Problem details
Down to the last character, transcribe every record.

(Provided data begins)

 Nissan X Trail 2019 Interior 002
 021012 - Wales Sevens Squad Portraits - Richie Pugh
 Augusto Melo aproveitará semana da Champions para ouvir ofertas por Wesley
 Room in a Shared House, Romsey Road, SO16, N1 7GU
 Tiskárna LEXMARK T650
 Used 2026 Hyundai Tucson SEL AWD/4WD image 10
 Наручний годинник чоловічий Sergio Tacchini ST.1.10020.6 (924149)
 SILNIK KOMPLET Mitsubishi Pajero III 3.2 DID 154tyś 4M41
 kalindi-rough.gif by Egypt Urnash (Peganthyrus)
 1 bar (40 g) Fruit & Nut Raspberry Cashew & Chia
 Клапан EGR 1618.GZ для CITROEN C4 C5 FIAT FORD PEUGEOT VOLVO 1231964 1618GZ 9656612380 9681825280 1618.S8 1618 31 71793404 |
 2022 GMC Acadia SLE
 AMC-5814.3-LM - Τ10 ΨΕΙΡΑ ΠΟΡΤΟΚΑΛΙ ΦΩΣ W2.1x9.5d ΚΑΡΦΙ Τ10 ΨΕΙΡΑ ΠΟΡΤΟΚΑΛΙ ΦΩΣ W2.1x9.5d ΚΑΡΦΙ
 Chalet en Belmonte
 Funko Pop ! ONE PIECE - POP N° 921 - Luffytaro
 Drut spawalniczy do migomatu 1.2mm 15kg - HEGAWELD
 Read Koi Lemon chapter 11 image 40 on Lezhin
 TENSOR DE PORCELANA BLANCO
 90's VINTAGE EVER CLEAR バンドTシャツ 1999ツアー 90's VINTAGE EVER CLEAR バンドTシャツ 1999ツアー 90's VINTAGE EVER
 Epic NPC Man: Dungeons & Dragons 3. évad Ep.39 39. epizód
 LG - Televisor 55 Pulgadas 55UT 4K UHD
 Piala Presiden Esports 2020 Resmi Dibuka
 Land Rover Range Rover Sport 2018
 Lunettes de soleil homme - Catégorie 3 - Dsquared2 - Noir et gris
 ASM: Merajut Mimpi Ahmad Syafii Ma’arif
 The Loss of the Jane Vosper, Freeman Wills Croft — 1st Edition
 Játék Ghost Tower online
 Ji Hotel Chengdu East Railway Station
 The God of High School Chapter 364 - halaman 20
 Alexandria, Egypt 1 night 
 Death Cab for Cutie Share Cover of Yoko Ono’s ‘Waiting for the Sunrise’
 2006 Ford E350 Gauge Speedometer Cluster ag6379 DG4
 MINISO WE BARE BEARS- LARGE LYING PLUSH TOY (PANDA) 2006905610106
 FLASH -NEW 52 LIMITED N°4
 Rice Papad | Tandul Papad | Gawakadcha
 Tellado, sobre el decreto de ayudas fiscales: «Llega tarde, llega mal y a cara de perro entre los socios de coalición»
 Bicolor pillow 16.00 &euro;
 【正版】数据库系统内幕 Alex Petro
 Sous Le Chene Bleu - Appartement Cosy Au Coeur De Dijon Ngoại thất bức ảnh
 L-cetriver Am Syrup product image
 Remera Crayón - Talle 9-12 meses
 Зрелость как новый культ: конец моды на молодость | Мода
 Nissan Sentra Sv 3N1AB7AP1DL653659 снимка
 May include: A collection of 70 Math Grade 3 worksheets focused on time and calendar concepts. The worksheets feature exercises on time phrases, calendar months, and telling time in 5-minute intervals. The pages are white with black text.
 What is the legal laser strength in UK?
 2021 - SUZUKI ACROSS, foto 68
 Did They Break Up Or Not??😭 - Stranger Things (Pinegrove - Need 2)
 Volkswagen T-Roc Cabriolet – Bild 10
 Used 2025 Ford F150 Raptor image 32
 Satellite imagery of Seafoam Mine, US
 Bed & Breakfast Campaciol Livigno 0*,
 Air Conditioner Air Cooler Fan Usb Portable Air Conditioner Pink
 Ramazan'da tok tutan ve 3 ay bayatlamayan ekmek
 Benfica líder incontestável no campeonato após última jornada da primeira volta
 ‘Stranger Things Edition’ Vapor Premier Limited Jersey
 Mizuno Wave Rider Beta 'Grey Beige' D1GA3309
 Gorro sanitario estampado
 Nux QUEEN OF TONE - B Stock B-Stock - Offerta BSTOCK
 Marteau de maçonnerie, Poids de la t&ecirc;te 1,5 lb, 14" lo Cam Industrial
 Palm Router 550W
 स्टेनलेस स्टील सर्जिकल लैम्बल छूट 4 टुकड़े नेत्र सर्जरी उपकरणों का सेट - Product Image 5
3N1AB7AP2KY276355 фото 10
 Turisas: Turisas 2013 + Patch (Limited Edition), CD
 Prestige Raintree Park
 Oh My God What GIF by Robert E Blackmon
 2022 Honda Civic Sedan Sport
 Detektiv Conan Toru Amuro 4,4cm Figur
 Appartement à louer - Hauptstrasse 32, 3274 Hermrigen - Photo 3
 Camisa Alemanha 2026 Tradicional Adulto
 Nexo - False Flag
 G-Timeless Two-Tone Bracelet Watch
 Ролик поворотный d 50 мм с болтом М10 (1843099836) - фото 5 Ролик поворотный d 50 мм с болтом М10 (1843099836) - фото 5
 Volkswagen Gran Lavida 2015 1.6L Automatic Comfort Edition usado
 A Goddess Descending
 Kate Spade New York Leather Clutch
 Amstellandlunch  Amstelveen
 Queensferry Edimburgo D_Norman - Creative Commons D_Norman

(Provided data ends)

Expected answer
 Nissan X Trail 2019 Interior 002
 021012 - Wales Sevens Squad Portraits - Richie Pugh
 Augusto Melo aproveitará semana da Champions para ouvir ofertas por Wesley
 Room in a Shared House, Romsey Road, SO16, N1 7GU
 Tiskárna LEXMARK T650
 Used 2026 Hyundai Tucson SEL AWD/4WD image 10
 Наручний годинник чоловічий Sergio Tacchini ST.1.10020.6 (924149)
 SILNIK KOMPLET Mitsubishi Pajero III 3.2 DID 154tyś 4M41
 kalindi-rough.gif by Egypt Urnash (Peganthyrus)
 1 bar (40 g) Fruit & Nut Raspberry Cashew & Chia
 Клапан EGR 1618.GZ для CITROEN C4 C5 FIAT FORD PEUGEOT VOLVO 1231964 1618GZ 9656612380 9681825280 1618.S8 1618 31 71793404 |
 2022 GMC Acadia SLE
 AMC-5814.3-LM - Τ10 ΨΕΙΡΑ ΠΟΡΤΟΚΑΛΙ ΦΩΣ W2.1x9.5d ΚΑΡΦΙ Τ10 ΨΕΙΡΑ ΠΟΡΤΟΚΑΛΙ ΦΩΣ W2.1x9.5d ΚΑΡΦΙ
 Chalet en Belmonte
 Funko Pop ! ONE PIECE - POP N° 921 - Luffytaro
 Drut spawalniczy do migomatu 1.2mm 15kg - HEGAWELD
 Read Koi Lemon chapter 11 image 40 on Lezhin
 TENSOR DE PORCELANA BLANCO
 90's VINTAGE EVER CLEAR バンドTシャツ 1999ツアー 90's VINTAGE EVER CLEAR バンドTシャツ 1999ツアー 90's VINTAGE EVER
 Epic NPC Man: Dungeons & Dragons 3. évad Ep.39 39. epizód
 LG - Televisor 55 Pulgadas 55UT 4K UHD
 Piala Presiden Esports 2020 Resmi Dibuka
 Land Rover Range Rover Sport 2018
 Lunettes de soleil homme - Catégorie 3 - Dsquared2 - Noir et gris
 ASM: Merajut Mimpi Ahmad Syafii Ma’arif
 The Loss of the Jane Vosper, Freeman Wills Croft — 1st Edition
 Játék Ghost Tower online
 Ji Hotel Chengdu East Railway Station
 The God of High School Chapter 364 - halaman 20
 Alexandria, Egypt 1 night 
 Death Cab for Cutie Share Cover of Yoko Ono’s ‘Waiting for the Sunrise’
 2006 Ford E350 Gauge Speedometer Cluster ag6379 DG4
 MINISO WE BARE BEARS- LARGE LYING PLUSH TOY (PANDA) 2006905610106
 FLASH -NEW 52 LIMITED N°4
 Rice Papad | Tandul Papad | Gawakadcha
 Tellado, sobre el decreto de ayudas fiscales: «Llega tarde, llega mal y a cara de perro entre los socios de coalición»
 Bicolor pillow 16.00 &euro;
 【正版】数据库系统内幕 Alex Petro
 Sous Le Chene Bleu - Appartement Cosy Au Coeur De Dijon Ngoại thất bức ảnh
 L-cetriver Am Syrup product image
 Remera Crayón - Talle 9-12 meses
 Зрелость как новый культ: конец моды на молодость | Мода
 Nissan Sentra Sv 3N1AB7AP1DL653659 снимка
 May include: A collection of 70 Math Grade 3 worksheets focused on time and calendar concepts. The worksheets feature exercises on time phrases, calendar months, and telling time in 5-minute intervals. The pages are white with black text.
 What is the legal laser strength in UK?
 2021 - SUZUKI ACROSS, foto 68
 Did They Break Up Or Not??😭 - Stranger Things (Pinegrove - Need 2)
 Volkswagen T-Roc Cabriolet – Bild 10
 Used 2025 Ford F150 Raptor image 32
 Satellite imagery of Seafoam Mine, US
 Bed & Breakfast Campaciol Livigno 0*,
 Air Conditioner Air Cooler Fan Usb Portable Air Conditioner Pink
 Ramazan'da tok tutan ve 3 ay bayatlamayan ekmek
 Benfica líder incontestável no campeonato após última jornada da primeira volta
 ‘Stranger Things Edition’ Vapor Premier Limited Jersey
 Mizuno Wave Rider Beta 'Grey Beige' D1GA3309
 Gorro sanitario estampado
 Nux QUEEN OF TONE - B Stock B-Stock - Offerta BSTOCK
 Marteau de maçonnerie, Poids de la t&ecirc;te 1,5 lb, 14" lo Cam Industrial
 Palm Router 550W
 स्टेनलेस स्टील सर्जिकल लैम्बल छूट 4 टुकड़े नेत्र सर्जरी उपकरणों का सेट - Product Image 5
3N1AB7AP2KY276355 фото 10
 Turisas: Turisas 2013 + Patch (Limited Edition), CD
 Prestige Raintree Park
 Oh My God What GIF by Robert E Blackmon
 2022 Honda Civic Sedan Sport
 Detektiv Conan Toru Amuro 4,4cm Figur
 Appartement à louer - Hauptstrasse 32, 3274 Hermrigen - Photo 3
 Camisa Alemanha 2026 Tradicional Adulto
 Nexo - False Flag
 G-Timeless Two-Tone Bracelet Watch
 Ролик поворотный d 50 мм с болтом М10 (1843099836) - фото 5 Ролик поворотный d 50 мм с болтом М10 (1843099836) - фото 5
 Volkswagen Gran Lavida 2015 1.6L Automatic Comfort Edition usado
 A Goddess Descending
 Kate Spade New York Leather Clutch
 Amstellandlunch  Amstelveen
 Queensferry Edimburgo D_Norman - Creative Commons D_Norman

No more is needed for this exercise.